Roberto Gamito
08.11.21
Sem feriados e sem milagres, Deus encontrava-se sozinho encasulado num ponto. Antes do Big Bang, antes de ser conhecido como o Criador, Deus era contorcionista. E poeta. Enquanto contorcionista, foi autor de uma proeza ímpar, só comparável com o hindu que treinou o seu elefante a esconder-se num porta-luvas de um Fiat Punto. Imaginem-se dobrados dentro de um ponto, sem luz nem diversões e sem margem para acariciar o maroto, durante um tempo inconcebível. É quase tão árduo como trabalhar em Portugal. Nesse estado até uma comichão pode derrotar um Deus.
Dessa altura, antes do Homem e da luz, chegou-nos este único fragmento.
Fomo-nos encerrando cada vez mais (Deus criara amigos imaginários para ter com quem conversar) na nossa acanhada existência, na secreta confiança de que, a dada altura — bastando para tal esperar pacientemente ou, por outra, acreditar na existência do Pai Natal — o mundo se nos há-de apresentar com um aspecto melhor e pejado de tascas com preços apetecíveis.
Comentário ao fragmento:
Mesmo na escuridão absoluta, Deus foi acometido por uma epifania. O que faz falta ao universo são tabernas. Em bom rigor, só há vida porque Deus necessitava de taberneiros. Cervejas e bifanas e um gajo é feliz. Aliás, se formos mais fundo, de que serve ser Deus se não podemos comer acepipes gostosos e molhar o bico numa jola? Sem isso, não andamos cá a fazer nada.
Nisto, ordenou que se fizesse luz — vejam bem o estilo do bicho, nem se digna a levantar para acendê-la, ordena. Porém recordou-se que não havia criado nada. Precisava de gerar, pelo menos, uma espécie de criaturas que vivessem ao rés dos interruptores à espera de uma ordem. Em tempos idos, quando os pais mandavam, as crianças eram obrigadas a ficar junto dos interruptores. Eram noites bem passadas, “ordeno que se faça luz” e a criança despertava para a sua tarefa, por regra aos saltinhos. Caso fosse desprovido de humor, tais acontecimentos seriam suficientes para Ele carbonizar os seres humanos; felizmente Deus está em toda a parte, excepto no twitter. Não é que não consiga lá estar, porém decidiu que a Sua saúde mental não tem preço.

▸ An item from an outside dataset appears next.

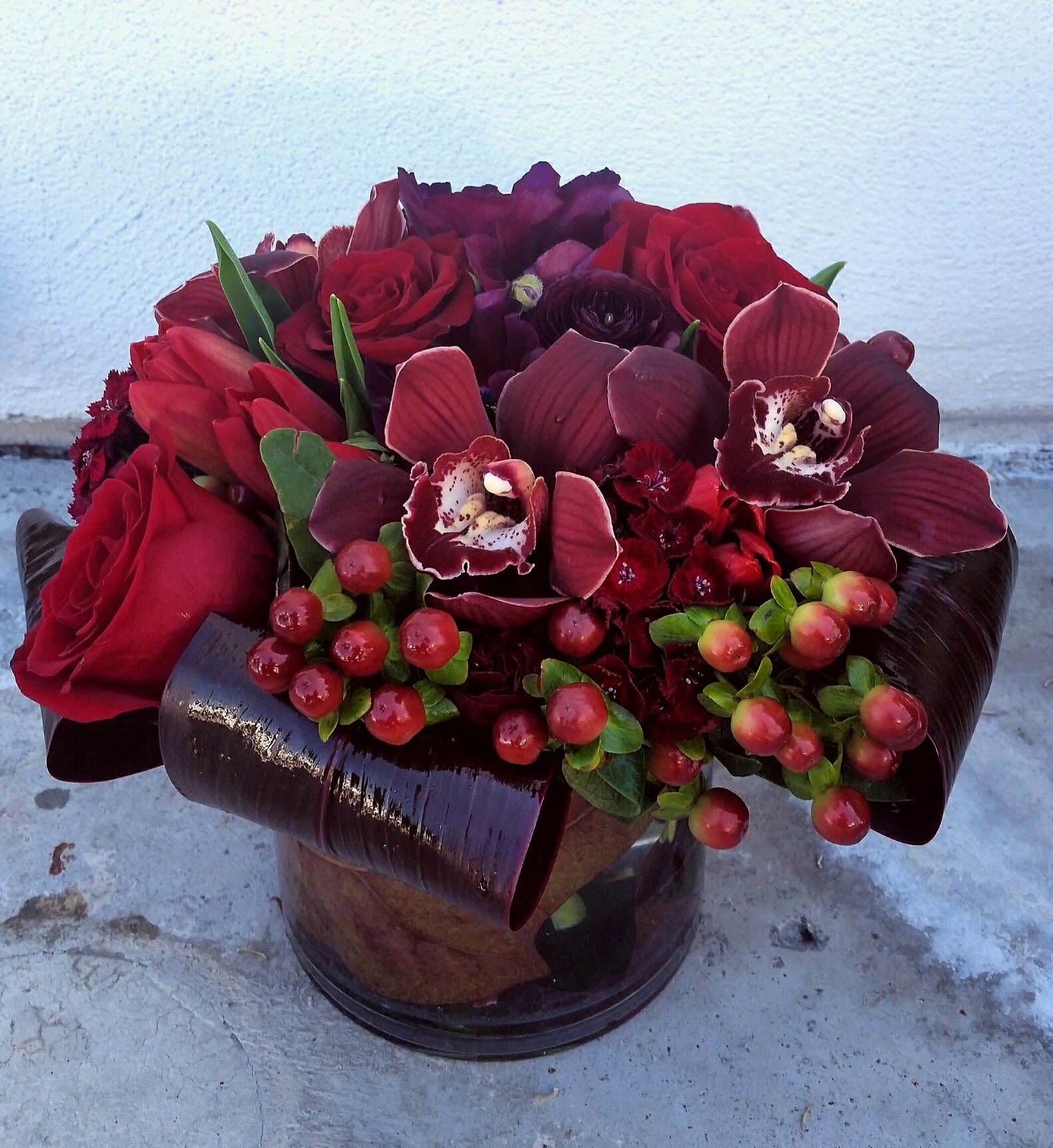Red roses and burgundy orchids in a dark vase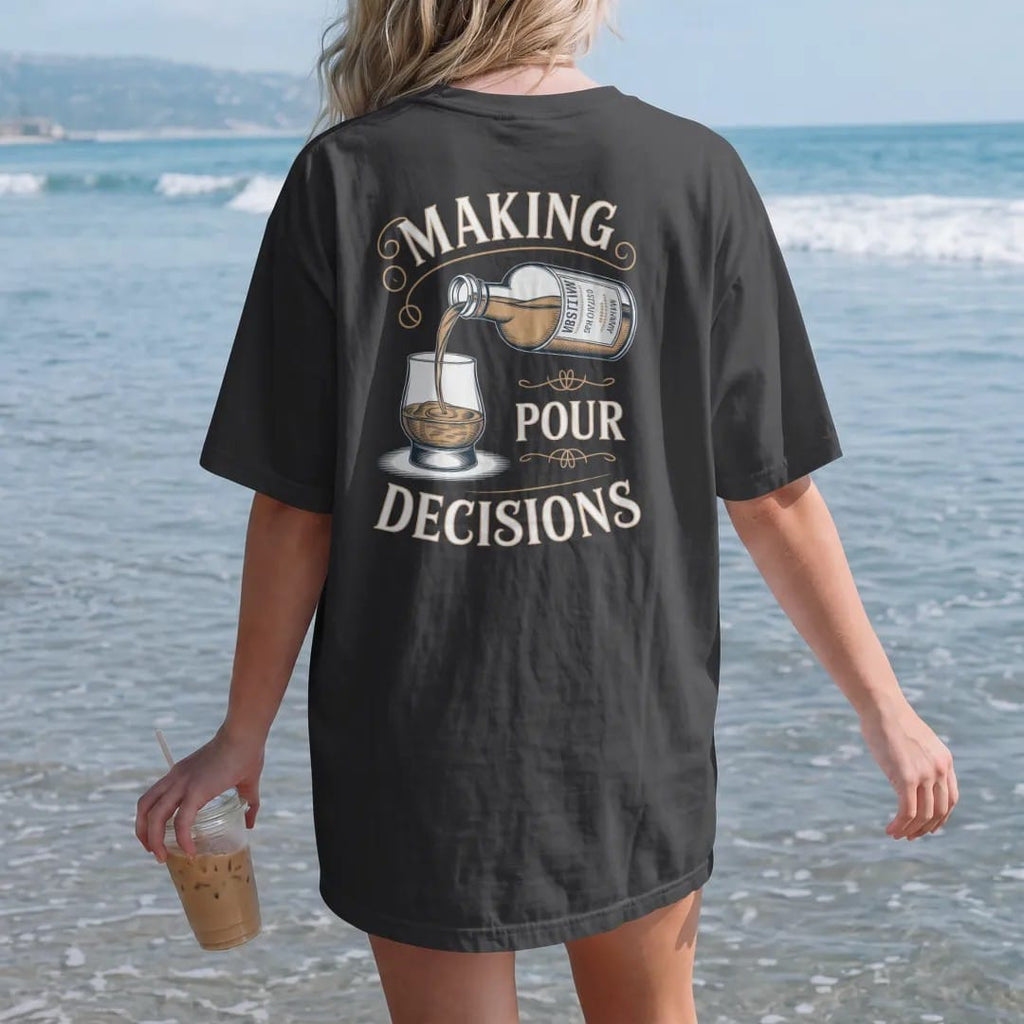 Woman on the beach in a Black tee, back view: an engraved bottle pouring into a glencairn glass, with "MAKING" and "POUR DECISIONS" in flowing copperplate script and bold Didone capitals, printed as a fine engraving in antique gold and warm cream.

Fez-se luz. No entanto, um efeito inesperado: cegueira. Teve eternidades às escuras e de um momento para o outro tudo se iluminou: parece que é parvo, o ser divino. Os olhos, habituados ao breu, não aguentaram a novidade. O acto irreflectido sai-lhe caro. Apesar da luz, estava condenado a viver num mundo que lhe recorda o início. É evidente, podia curar a cegueira num estalar de dedos, todavia a cegueira tinha um propósito: recordar-lhe do erro crasso. E além disso anda a monte porque lhe chegou a factura da EDP do Big Bang. Nem Deus, que pode tudo, tem dinheiro para custear a despesa. Há quem diga que tem vivido os últimos milhares de anos mascarado de Testemunha de Jeová. Jogada de génio, assim ninguém se aproximará d’Ele.